Exercise brief> Exact copy, pictures excluded: print the lines from the one with "Thumbnail image of" through the final line of the records.

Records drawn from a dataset
---*---
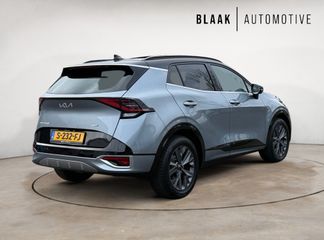 Voertuigafbeelding 42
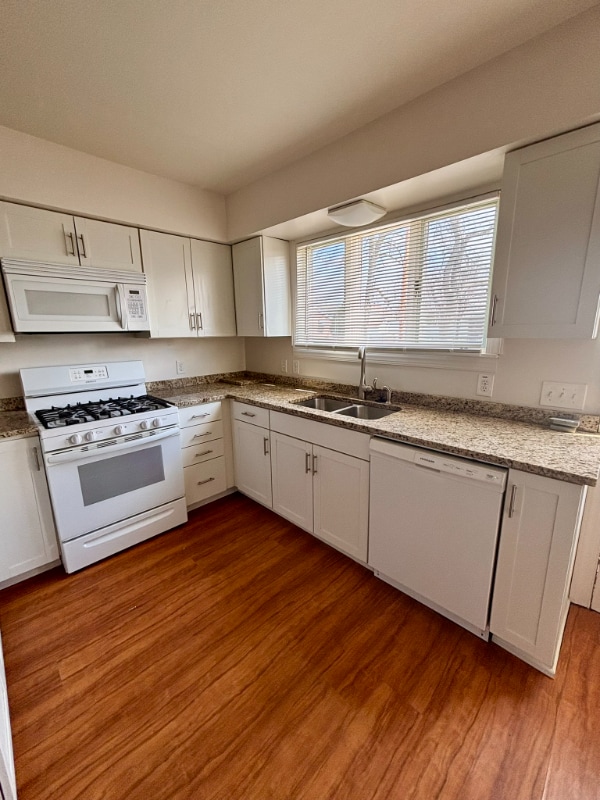 Photo - 90 Laverack Ave Unit 1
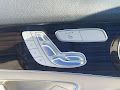 2020 Mercedes-Benz GLC GLC 300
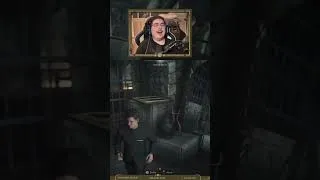 Miniature : Auto Jumpscare ! 007 : First Light #1 | #valuum_live sur #Twitch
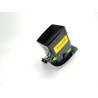 Recambio de rejilla aireadora para fiat ducato caja/chasis (250_) 180 multijet 3,0 d referencia OEM IAM 735590730  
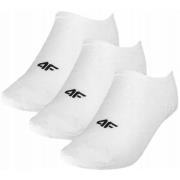 4F Heren wmm00usocm275 sokken (set van 3)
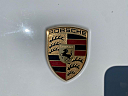 Thumbnail image of 2017 Porsche Cayenne at Prince Auto Sales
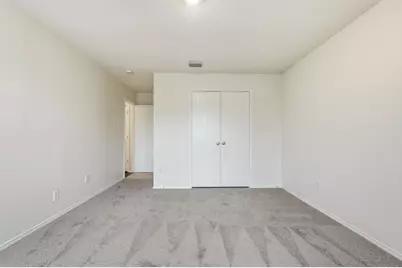 5325 Royal Birkdale Drive, Fort Worth, TX 76135 - Photo 28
---*---
Reply>
 Thumbnail image of 2017 Porsche Cayenne at Prince Auto Sales
 5325 Royal Birkdale Drive, Fort Worth, TX 76135 - Photo 28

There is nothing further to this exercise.